GENOVA – “Abbiamo visto le recenti nomine dei vertici delle Autorità portuali italiane, 14 sulle sedici esistenti e non c’è nemmeno una donna”.
E’ l’ennesima denuncia lanciata da Wista Italy, l’associazione delle professioniste del settore marittimo nazionale, per voce della sua presidente Costanza Musso, in una lettera aperta indirizzata alla premier Giorgia Meloni, al ministro dei Trasporti Matteo Salvini, al governo, alle commissioni preposte e alle Regioni.
“Su 16 Authority 14 presidenze sono state assegnate a uomini” – dice la presidente Musso – “Eppure la presenza femminile in tali enti è al 46%, il 31% dirigenti. Le competenze ci sono”
Il tema è stato più volte rilanciato da Wista Italy in questi anni, perchè la storia delle governance portuali nazionali vede solo 2 donne presidenti e 6 segretari a fronte di circa 300 nomine complessive.
“Niente di nuovo” – chiosa Wista Italy- a fronte di una presenza femminile nelle Autorità portuali pari al ‘46%, circa 700 unità, con il 47% di donne quadri e il 31% di dirigenti”.
Per Musso “Si può fare di più e lo abbiamo chiesto in modo accorato quando, a marzo, siamo andate a presentare, a Montecitorio, ospiti del presidente della Commissione Trasporti, Salvatore Deidda, il libro per il trentennale di Wista Italy “Donne sul Ponte di Comando”.
“Le nomine dei vertici delle Autorità portuali hanno anche un valore simbolico. Escludere le donne dai vertici consolida stereotipi e barriere culturali che da decenni Wista Italy, l’associazione delle donne dello shipping che oggi presiedo, combatte. Perché qui le competenze ci sono eccome, come dimostrano i dati, e c’è anche la voglia di fare la nostra parte e metterci in gioco per contribuire alla crescita del settore dei porti anche con un’impostazione complementare a quella maschile”.
Mancano ancora le ultime nomine:
“Ci auguriamo di essere smentite con le ultime nomine attese nei prossimi giorni perché l’assenza totale di donne a capo delle autorità portuali non è solo un problema di parità di genere: è un problema di crescita e sviluppo del settore”
Per Wista Italy: “Le competenze oggi non hanno genere ed escludere metà della popolazione dai luoghi decisionali ha un impatto negativo sulla qualità stessa delle istituzioni e priva il paese di risorse fondamentali per la crescita”.

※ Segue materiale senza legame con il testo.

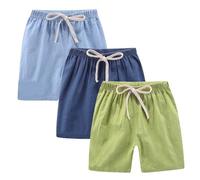 Pack of 3 Shorts Boys Children Summer Comfortable Breathable Leisure Shorts Lightweight Breathable Sports Shorts Plain Outdoor Shorts Sweat Shorts with Pockets and Elastic Band for Sports and Everyday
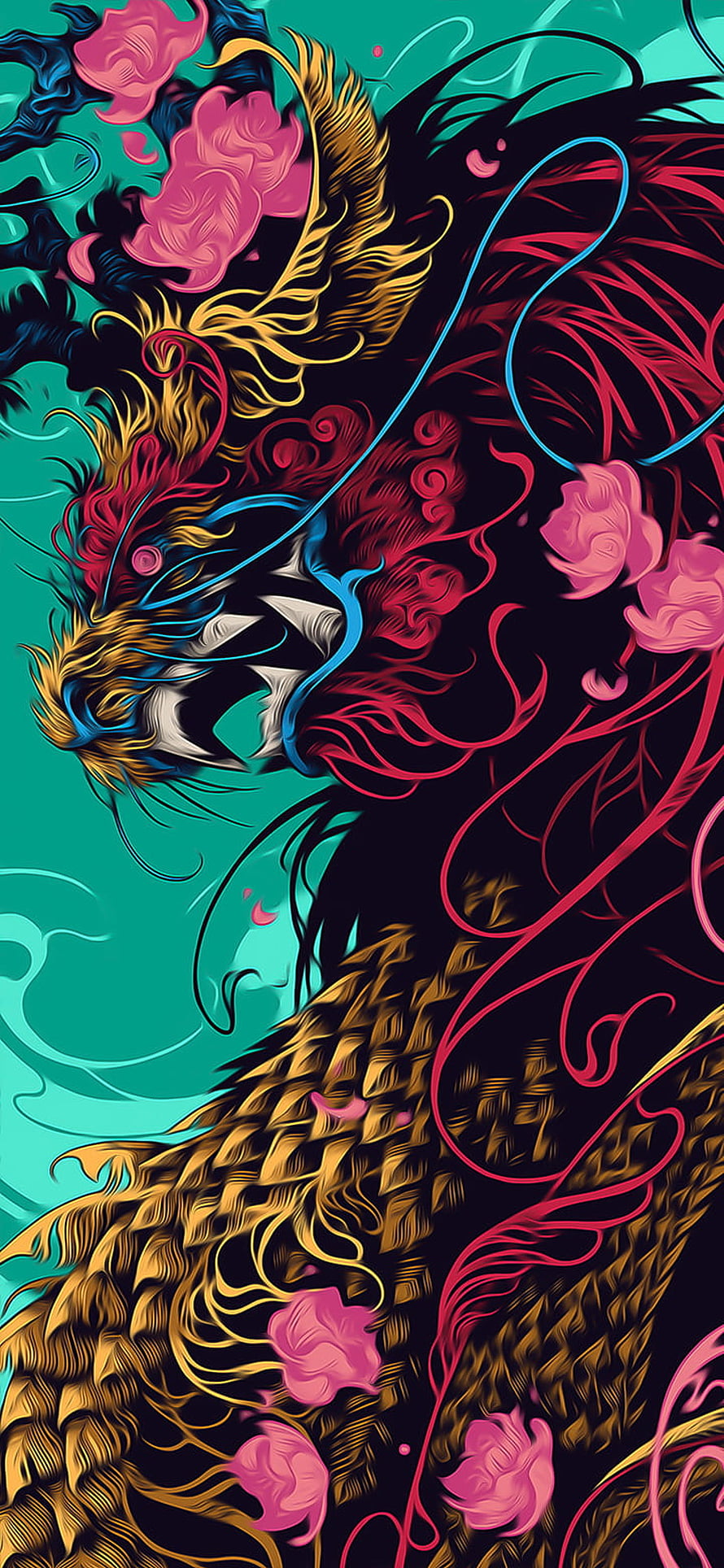 Vibrant Japanese Dragon Graffiti Art with Neon Accents and Floral Elements HD phone wallpaper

Inclusione e uguaglianza nel settore marittimo
Prosegue la lettera: “Negli ultimi anni si sono fatti passi avanti per promuovere l’inclusione e l’uguaglianza tra uomini e donne nel settore portuale – scrive la presidente di Wista – I dati delle Autorità lo dimostrano. Molte aziende e istituzioni stanno adottando politiche per favorire la partecipazione femminile, come programmi di formazione dedicati, iniziative di mentoring e misure per garantire pari opportunità di carriera. Introduzione di protocolli volti a mettere a disposizione delle lavoratrici e dei lavoratori un ambiente in cui sia rispettata la dignità di ognuno e siano favorite le relazioni interpersonali basate su uguaglianza e reciproca correttezza, anche attraverso forme di collaborazione per il superamento di eventuali situazioni discriminatorie di genere, individuali e collettive. Ma tutto questo non basta”.
Il tetto di cristallo
“Evidentemente permane il tetto di cristallo che impedisce alle donne di accedere a ruoli di leadership. Promuovere la parità di genere nei porti italiani significa lavorare insieme per creare un ambiente più equo, inclusivo e rappresentativo di tutte le persone che contribuiscono al settore con l’obiettivo di non pregiudicare il curriculum di nessuno, puntando invece sull’efficienza di ruolo”.
Cambiare le regole
“Altrimenti, se il settore non riesce autonomamente a raggiungere una situazione di parità, allora bisogna cambiare le regole per accelerare questo cambiamento – scrive ancora Musso -. Allora chiediamo le quote rosa, anche nei porti italiani, cioè misure volte a garantire una rappresentanza minima delle donne attraverso obblighi di percentuale o posti riservati, in modo da mettere a sistema un nuovo paradigma culturale. A noi le quote rosa non piacciono ma sono innegabilmente un acceleratore importante basti pensare che nelle aziende di grande dimensione, dove sono state adottate come obbligo di legge, hanno portato la componente femminile nei CdA dal 7% al 44% in 10 anni e a risultati aziendali migliori misurati in modo tangibile”.